Vayamos a lo más prosaico. Arte de vaticinar fue hecho con un sistema de crowdfunding o venta en blanco, como se dice actualmente. Por un lado es un homenaje a quienes —permíteme el verbo— desean el libro. Eso es hermoso. Pero digamos que los tiempos no estaban para andar poniendo nombres completos que podían ser usados como listas.

Hay que aclarar que en los años sesenta, o antes, autopublicarse era carísimo, inalcanzable para un joven poeta. Incluso hubo iniciativas desesperadas como una Sociedad de Autores Inéditos, que formó un grupo que pretendía juntar dinero para comprar una linotipia y crear, así, una editorial popular. No prosperó, ante el argumento de que esa sociedad tenía poco futuro, porque al publicar un libro el autor dejaría de ser inédito y se acabarían los socios.

Arte de vaticinar se financió con venta anticipada. Imprimí talonarios similares a los de los concursos, de diez hojas cada uno, y los repartí entre una gran cantidad de amigos. La suscripción era por dos ejemplares y se aclaraba que los suscriptores figurarían en una “lista de honor”. En poco tiempo se conocieron los resultados. La impresión del libro, con mil ejemplares, costó cuatro mil escudos. Y con los talonarios se juntaron 3,750 escudos. Éxito completo. La lista de honor incluyó a escritores y estudiantes, varios de los cuales se contaron entre los presos políticos, los exiliados y hasta un detenido que desapareció posteriormente.

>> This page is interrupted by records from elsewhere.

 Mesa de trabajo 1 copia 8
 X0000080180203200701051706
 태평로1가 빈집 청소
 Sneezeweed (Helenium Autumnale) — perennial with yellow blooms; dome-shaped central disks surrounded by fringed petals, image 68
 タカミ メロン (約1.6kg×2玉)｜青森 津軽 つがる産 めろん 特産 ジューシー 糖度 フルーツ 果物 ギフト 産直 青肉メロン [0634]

Estábamos en Buenos Aires en el 2000 con Daniel Freidemberg —que para mí y para varios es un maestro, como tú; no le tengamos miedo a la palabra: los libros buenos siempre fueron brújulas—, y por algún motivo mencioné entonces un poema tuyo. “¡Hernáaaan Miraaanda, che!”, saltó Freidemberg, feliz de oír que citaba a un hermano mayor; yo era más joven entonces. Cuéntame cómo fue tu relación con él, creo que la amistad entre los poetas tiene una importancia casi sagrada.

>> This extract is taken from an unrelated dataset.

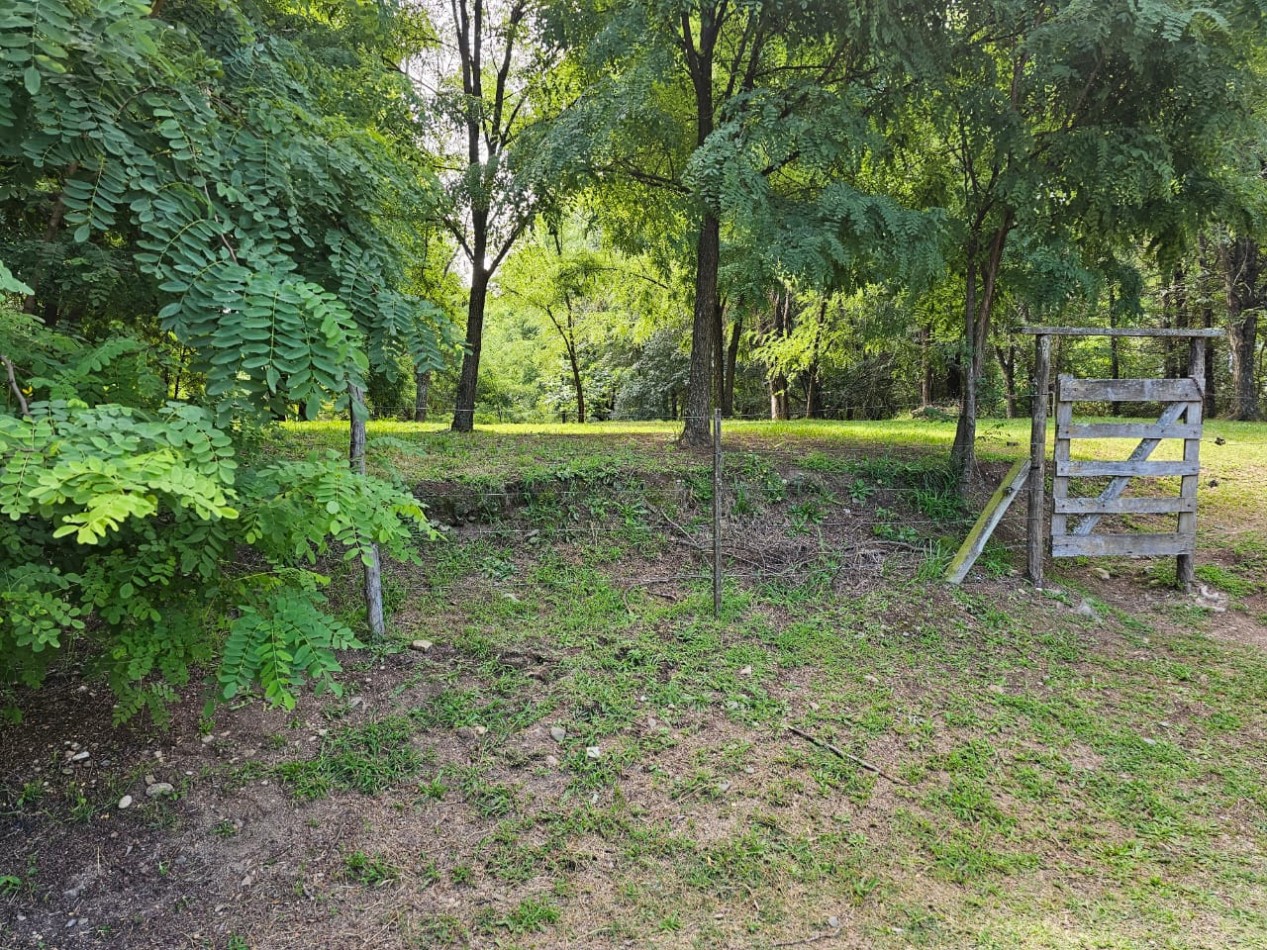 Lote Venta 1.000 m² Los Reartes A 50 metros del Rio Ubicacion Privilegiada Parques autoctonos y forestados Apto Construccion Familiar O Comercial Luz Agua Escritura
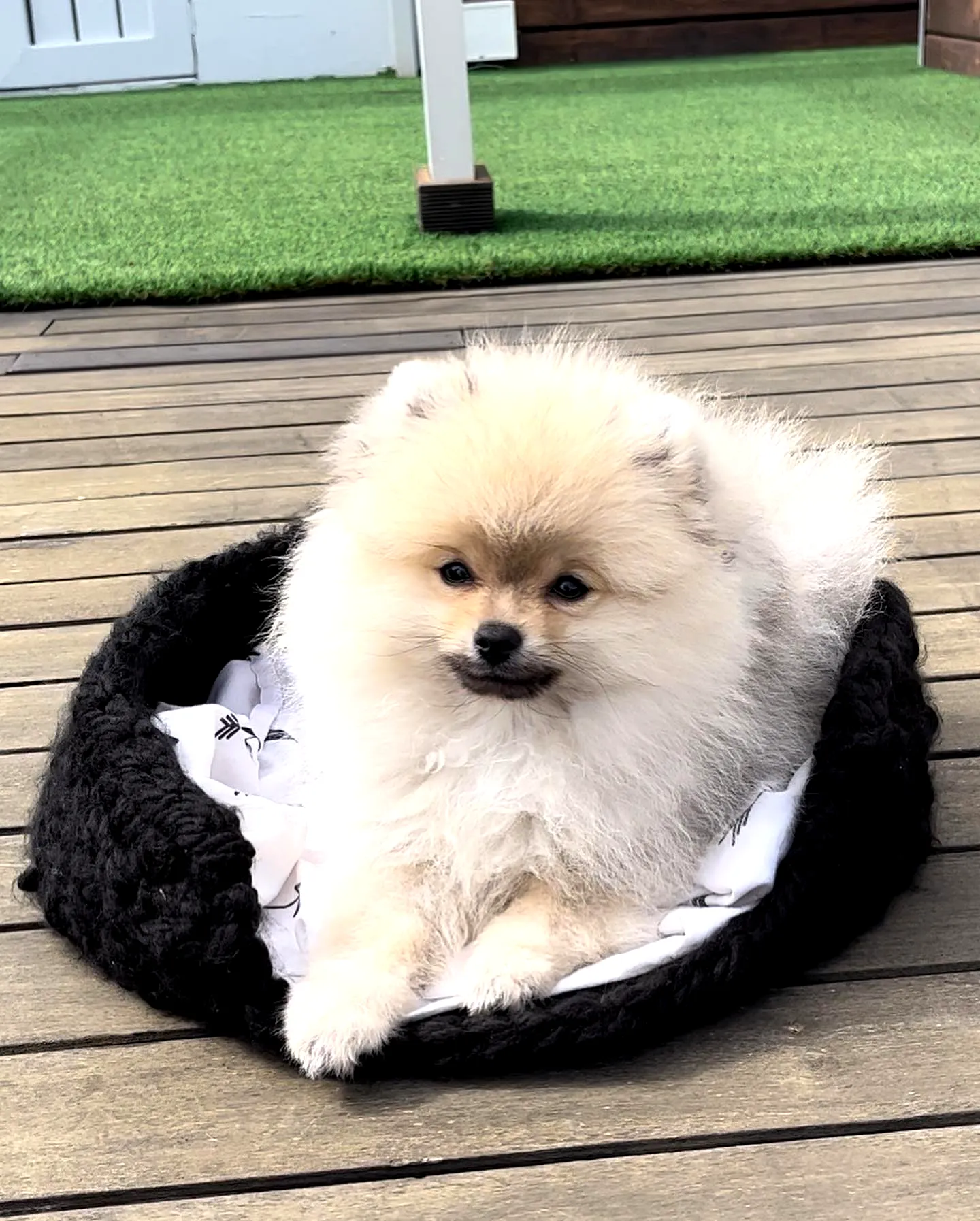 Stylish Crochet Dog Bed in Black for Small Dogs with Cozy Interior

Con Freidemberg compartimos intensamente en una época; primero en una revista y, después, a diario, por años, como redactores en la Agencia TASS en Buenos Aires, en un turno matinal entre despacho y despacho por teletipo rumbo a la central de la agencia en Moscú, de donde se distribuían al resto del mundo… Freidemberg cubría noticias locales y yo participaba como especialista en asuntos chilenos (que eran utilizadas en el programa Escucha Chile). Entretanto conversábamos de poetas latinoamericanos y sobre el trabajo poético, compartiendo el infaltable mate porteño. Una vez que teníamos calentando la “pava” para el mate, se me pasó de temperatura y la tetera empezó a hervir. “Pero, che, ¡¿qué has hecho?!” me dijo con desesperación, y después nos reímos de buenas ganas. (Para los materos ortodoxos, el mate debe hacerse con agua caliente pero antes de que hierva.) Freidemberg es un notable poeta y estudioso de la poesía. Con él tuvimos, y tenemos, una gran amistad, algo que fue valioso viviendo como extranjero en la gran urbe.

El poema “A nadie daré una droga mortal”, el del médico, y el otro, sobre el tipo sin antecedentes, al que matan, están entre los mejores poemas sobre muertos, básicamente porque hay una levedad o naturalidad con el tema, cierto humor incluso. Tratan sobre muertos pero la muerte no los invade. La muerte no nos posee a los poetas, creo. Es como si pudiéramos tomar mate con ella.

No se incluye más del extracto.